Data Block Start

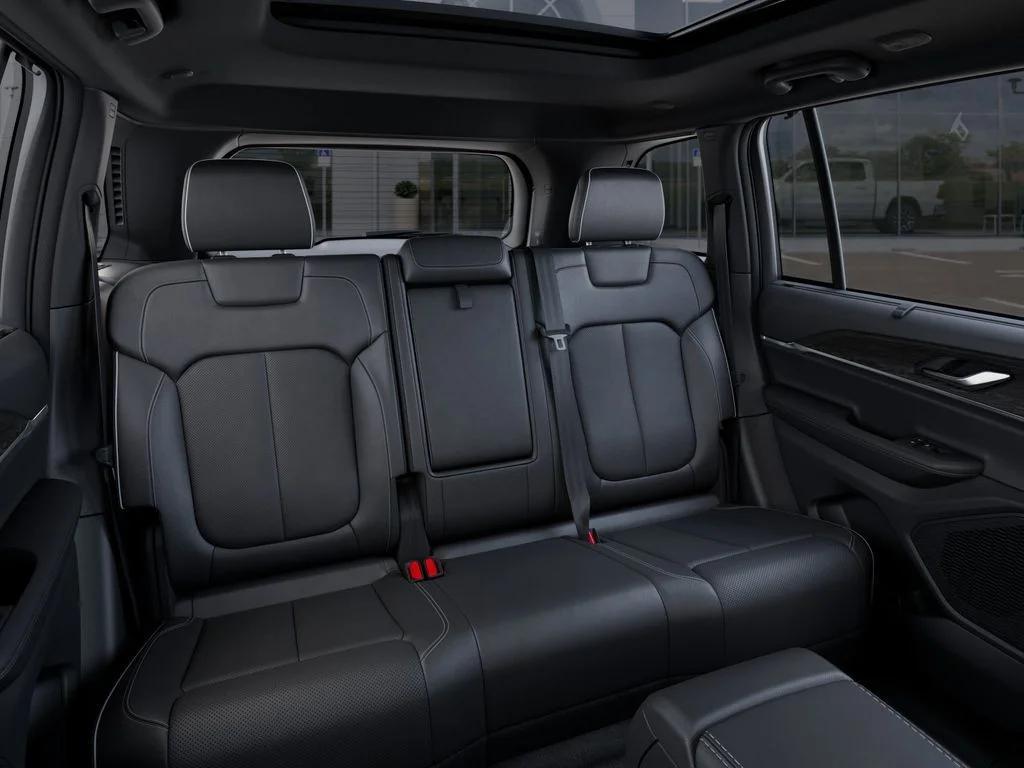 new 2025 Jeep Grand Cherokee car, priced at $53,414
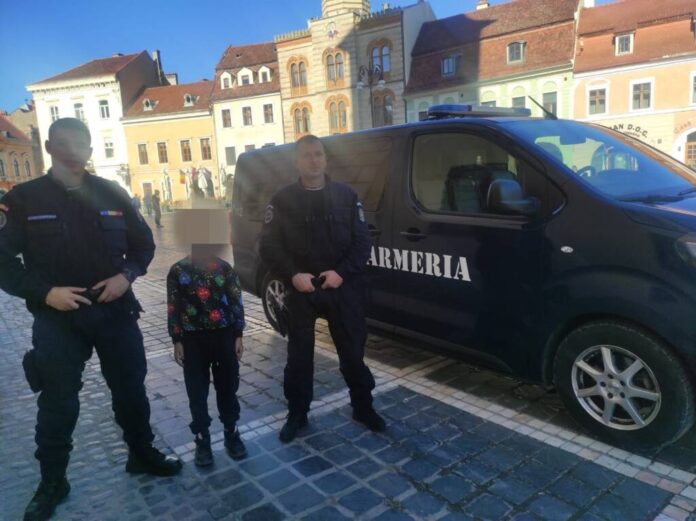 Un copil rătăcit în Piața Sfatului a fost ajutat de jandarmi să-și găsească grupul cu care se afla în excursie în Brașov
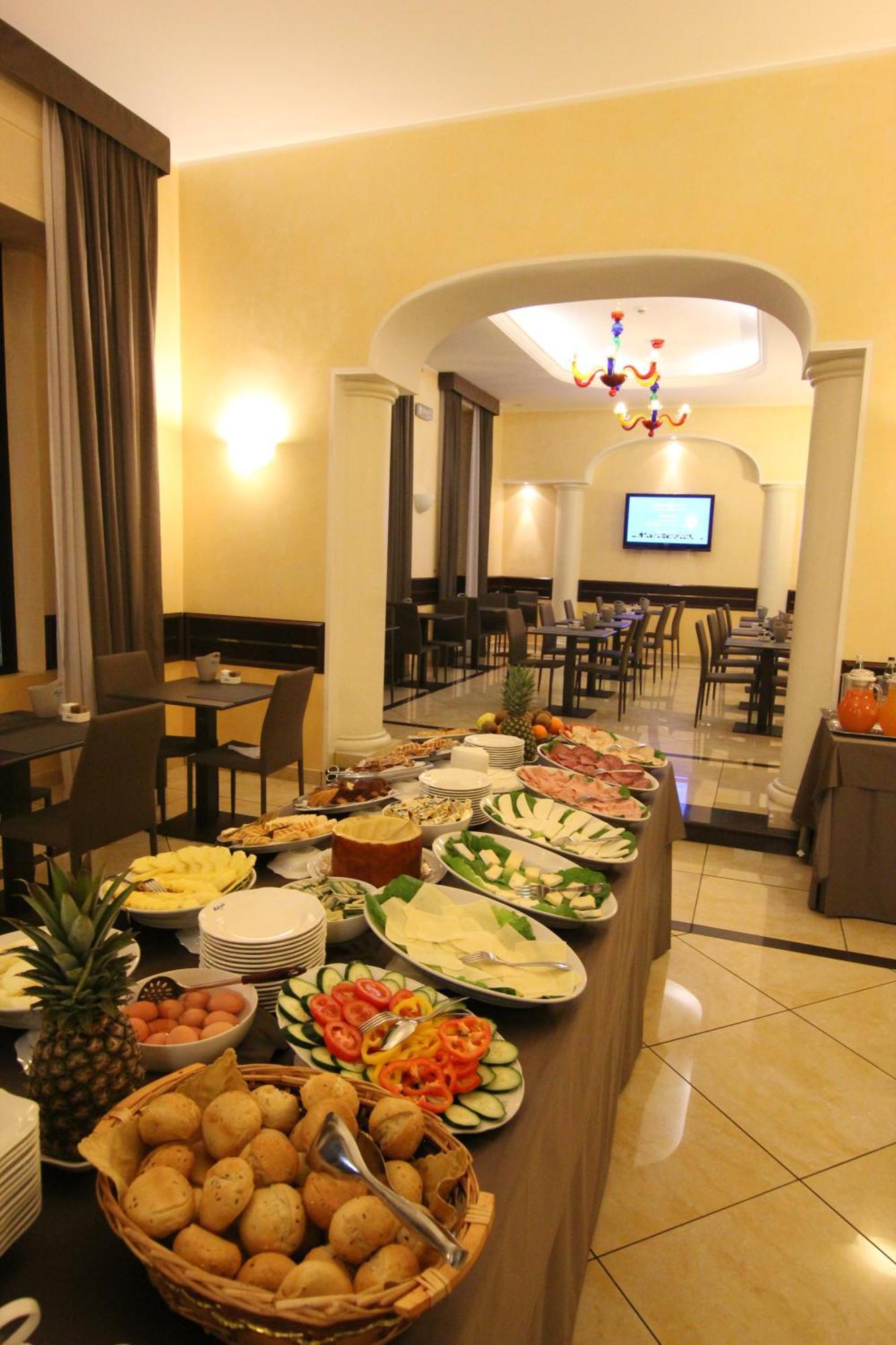 Mokinba Hotels Baviera Milano Ngoại thất bức ảnh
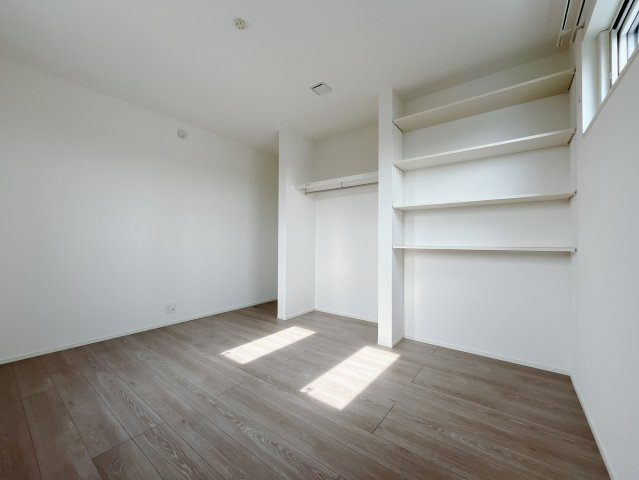 【中古戸建】太田市藪塚町の洋室|■洋室｜子供部屋のメリットは「自立心を養うことができる」「自分で整理整頓できるようになる」そして、お子様が成長した際には「プライバシーを確保できる」といい事だらけ♪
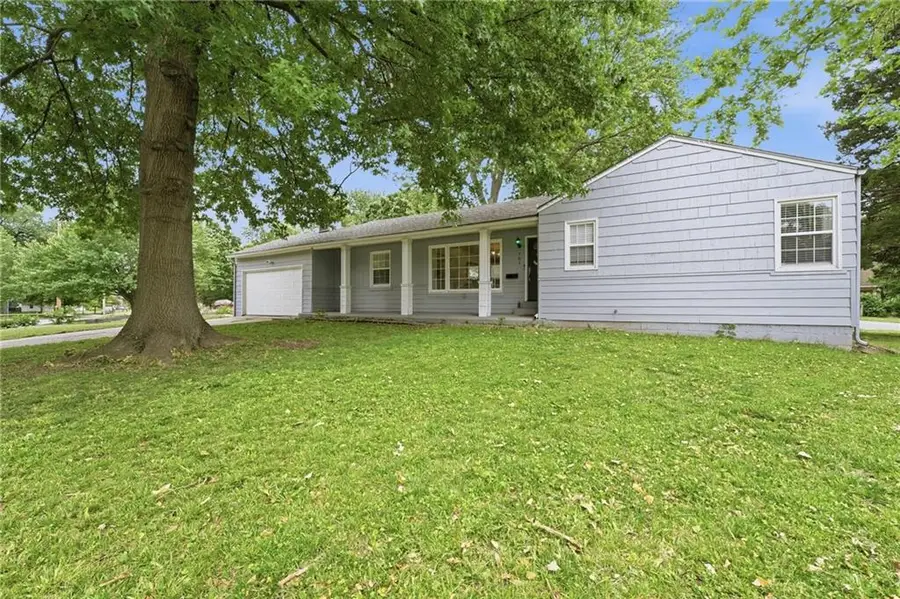 701 E 77th Street, Kansas City, MO 64131 - #3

Data Block End

## Exercise directions
Line by line and exactly, write out the material above. Skip the pictures.

## The answer
 new 2025 Jeep Grand Cherokee car, priced at $53,414
 Un copil rătăcit în Piața Sfatului a fost ajutat de jandarmi să-și găsească grupul cu care se afla în excursie în Brașov
 Mokinba Hotels Baviera Milano Ngoại thất bức ảnh
 【中古戸建】太田市藪塚町の洋室|■洋室｜子供部屋のメリットは「自立心を養うことができる」「自分で整理整頓できるようになる」そして、お子様が成長した際には「プライバシーを確保できる」といい事だらけ♪
 701 E 77th Street, Kansas City, MO 64131 - #3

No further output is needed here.